Is wireless charging bad for the battery?

ZDNet tech hardware blogger Adrian Kingsley-Hughes suspects that using the iPhone 8 or iPhone X on a wireless charging mat will shorten the lifespan of your battery faster than it would with a normal charger that plugs in.  In the blog post, he used the battery lifespan stats found on Apple’s Battery Service and Recycling page which says iPhone batteries are designed to “retain up to 80% of its original capacity at 500 complete charge cycles” on average. If you live in colder climate locations, your battery lifespan is shorter. Using a charging pad, Kingsley-Hughes expects to reach 500 complete charge cycles in about 20 months, whereas, under normal circumstances, an average iPhone battery will take around three years to reach 500 recharge cycles, according to his calculations. 

Kingsley-Hughes explains further, providing technical insight on why iPhone wireless charging could be harmful to batteries.

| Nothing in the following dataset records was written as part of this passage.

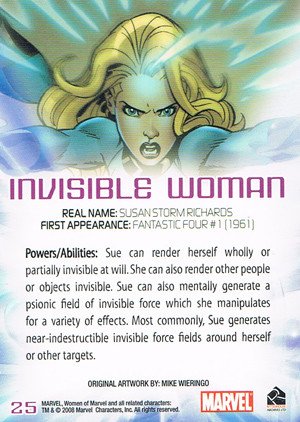 Rittenhouse Archives Women of Marvel Base Card 25 Invisible Woman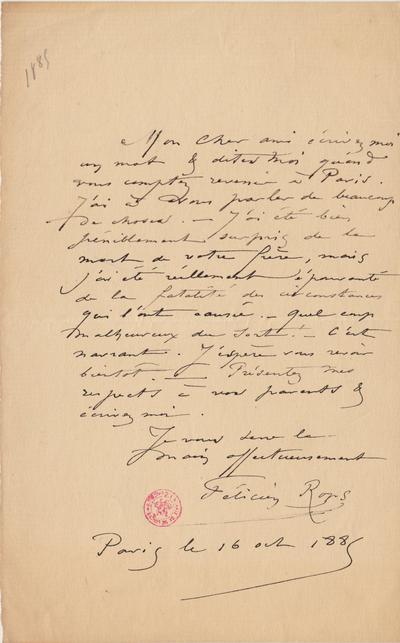 Lettre de Félicien Rops à [Joséphin] [Péladan]. Paris, 1885/10/16. Bruxelles, Bibliothèque royale de Belgique, II/7043/49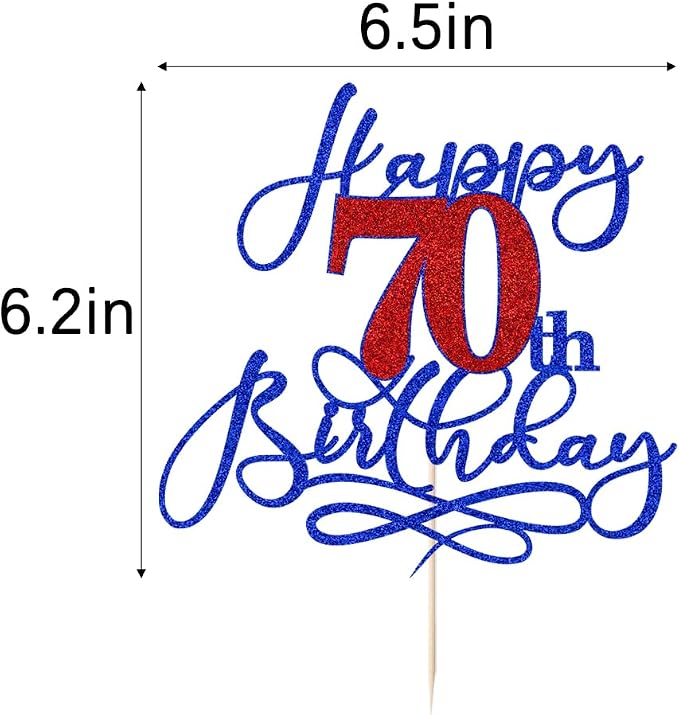 Happy 70th Birthday Cake Topper,Deep blue font red Numbers 70th Birthday Cake Decoration,Hello 70, Cheers to 70 Years/70th Anniversary,70& Fabulous Party Decoration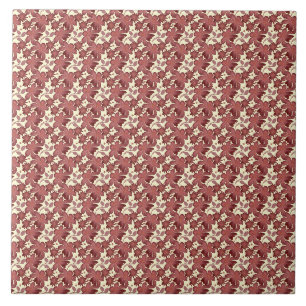 Rust Floral Leaf Pattern Terracotta Botanical Ceramic Tile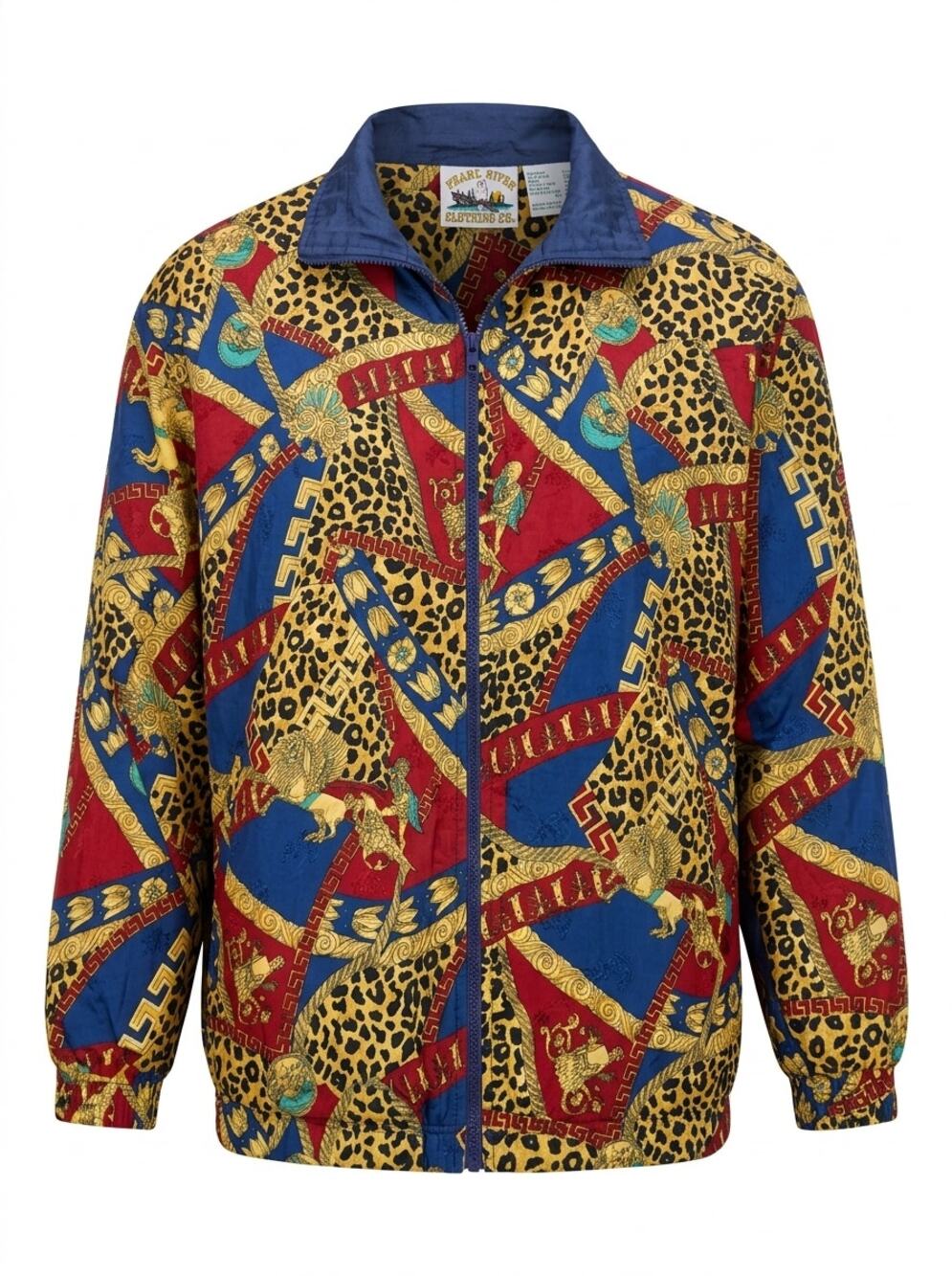 Vintage Pearl River Animal Print Full Zip Lined Jacket Women Size S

“The issue is that when the iPhone is being charged using a cable, the phone is being powered by the cord (there is some load on the battery, but it’s minimal), but when using wireless charging, the battery is what’s powering the iPhone, with the wireless charger only being used to top up the battery,” he wrote.

“This means that by switching from a cable to a wireless charger, my battery isn’t getting a break, and in turn, this is making me go through recharge cycles at an even faster rate.”

From a non-technical perspective, you might be more inclined leave your iPhone on a charging mat if all you have to do is set it down on a flat surface. Just from that alone, your device may spend more time charging than it needs to.  

Wireless charging with Apple AirPower charging mat

Will apple AirPower kill my iPhone battery?

Wireless charging or inductive charging seems to be the wave of the future because of its simplicity. All you need to do is set your phone down on a small pad or mat and your device will charge. The Apple AirPower mat will release this spring, so as of now it’s uncertain if it will affect the lifespan of your iPhone battery. However, if Kingsley-Hughes’ findings are true, there’s a chance the Apple AirPower charging mat could shorten the overall lifespan of your iPhone battery unless Apple makes improvements to the battery itself.